With pictures excluded, copy word for word the lines in the data below from the line containing "Anden særlig race Blue Eye Sleider billede 5" through the line containing "X0000088141166200705211130".

- [GIVEN RECORDS]

##########

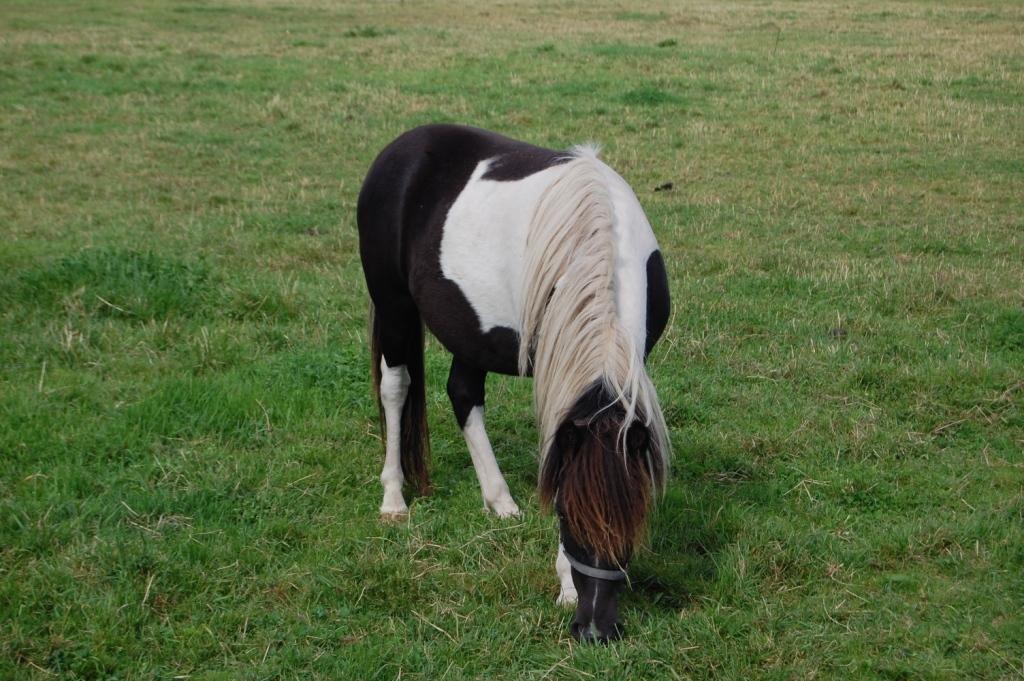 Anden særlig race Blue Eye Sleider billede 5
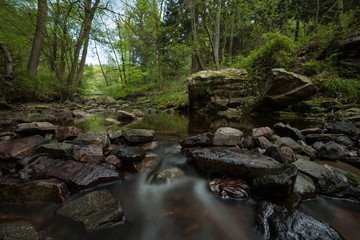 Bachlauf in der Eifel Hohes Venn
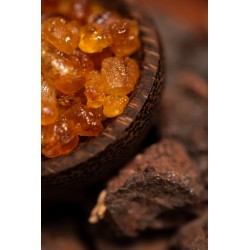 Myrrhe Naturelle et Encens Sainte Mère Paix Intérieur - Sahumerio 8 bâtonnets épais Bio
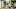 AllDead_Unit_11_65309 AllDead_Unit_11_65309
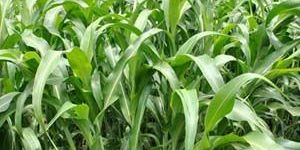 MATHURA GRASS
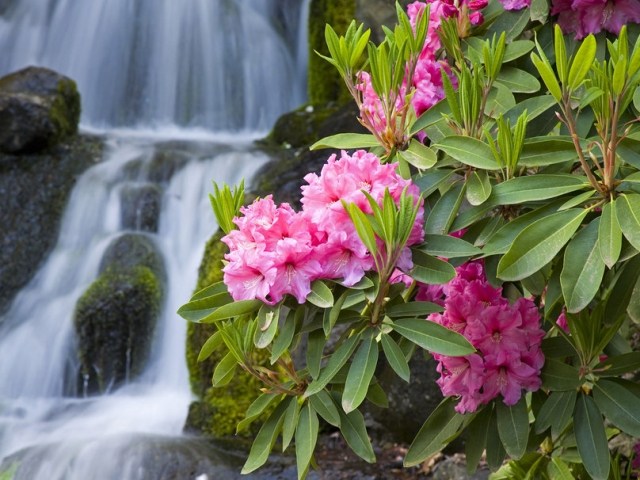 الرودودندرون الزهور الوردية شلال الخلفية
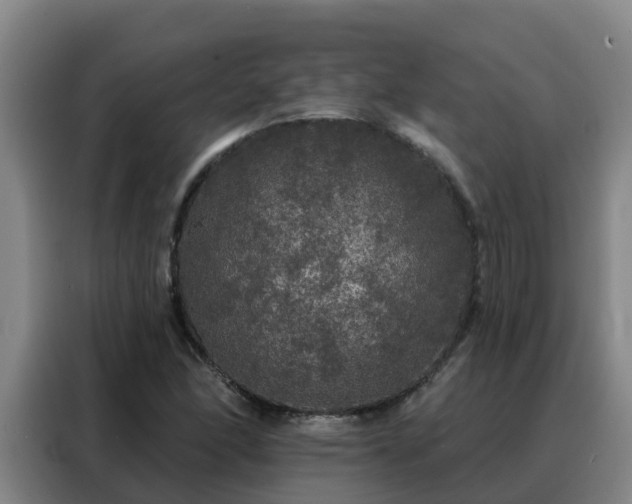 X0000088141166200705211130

##########

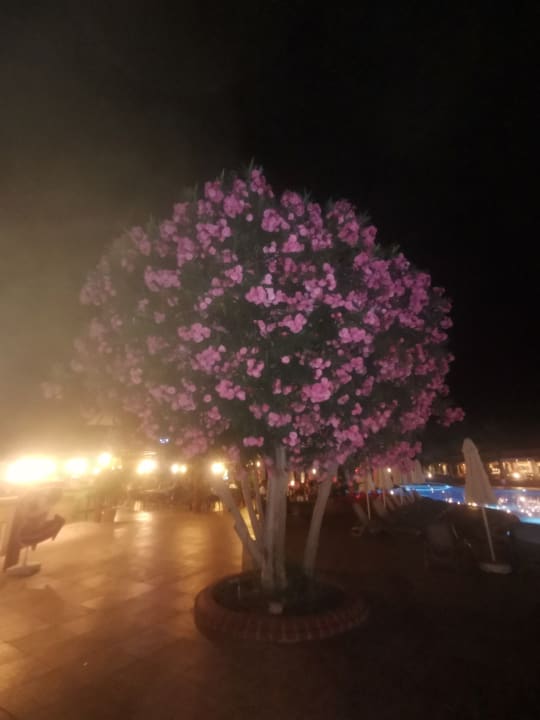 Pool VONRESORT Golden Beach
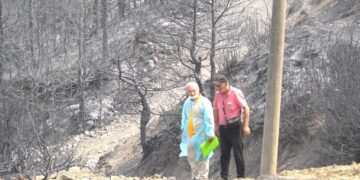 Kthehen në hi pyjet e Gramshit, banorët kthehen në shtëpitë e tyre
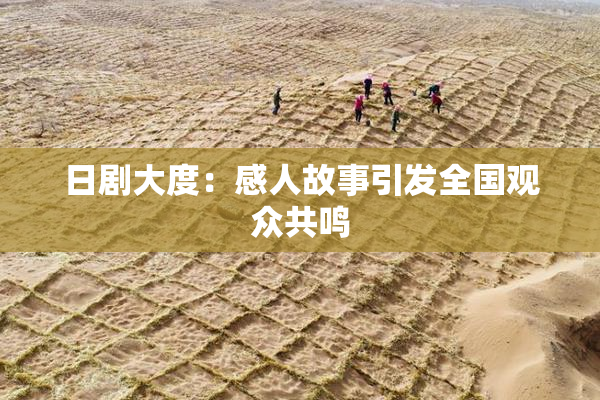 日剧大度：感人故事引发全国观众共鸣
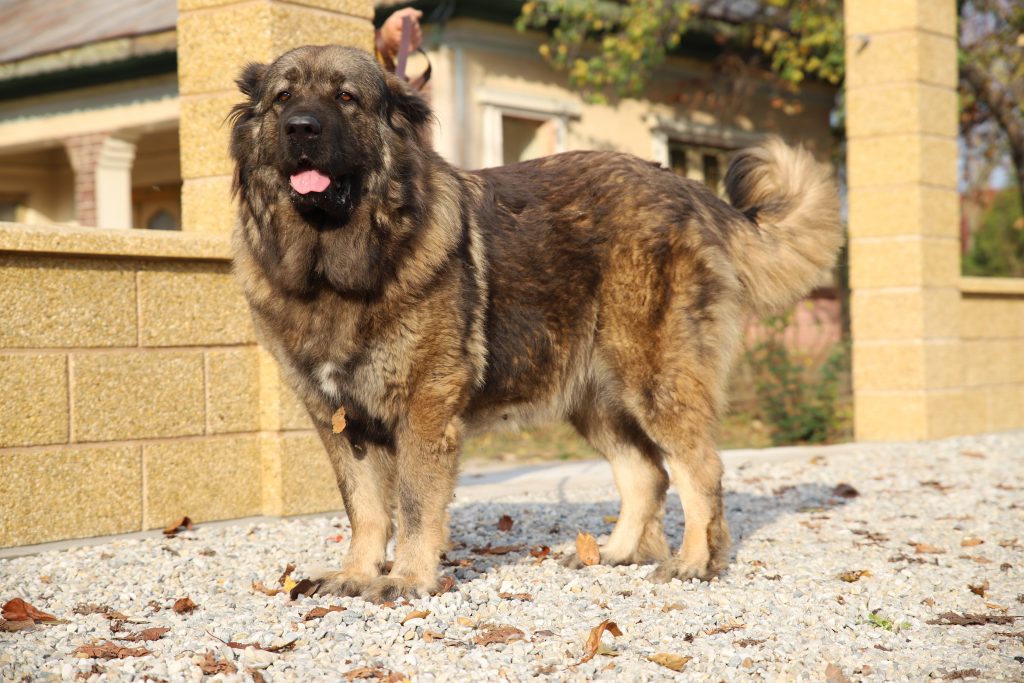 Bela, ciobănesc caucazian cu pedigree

##########

- [EXERCISE RESPONSE]
 Anden særlig race Blue Eye Sleider billede 5
 Bachlauf in der Eifel Hohes Venn
 Myrrhe Naturelle et Encens Sainte Mère Paix Intérieur - Sahumerio 8 bâtonnets épais Bio
 AllDead_Unit_11_65309 AllDead_Unit_11_65309
 MATHURA GRASS
 الرودودندرون الزهور الوردية شلال الخلفية
 X0000088141166200705211130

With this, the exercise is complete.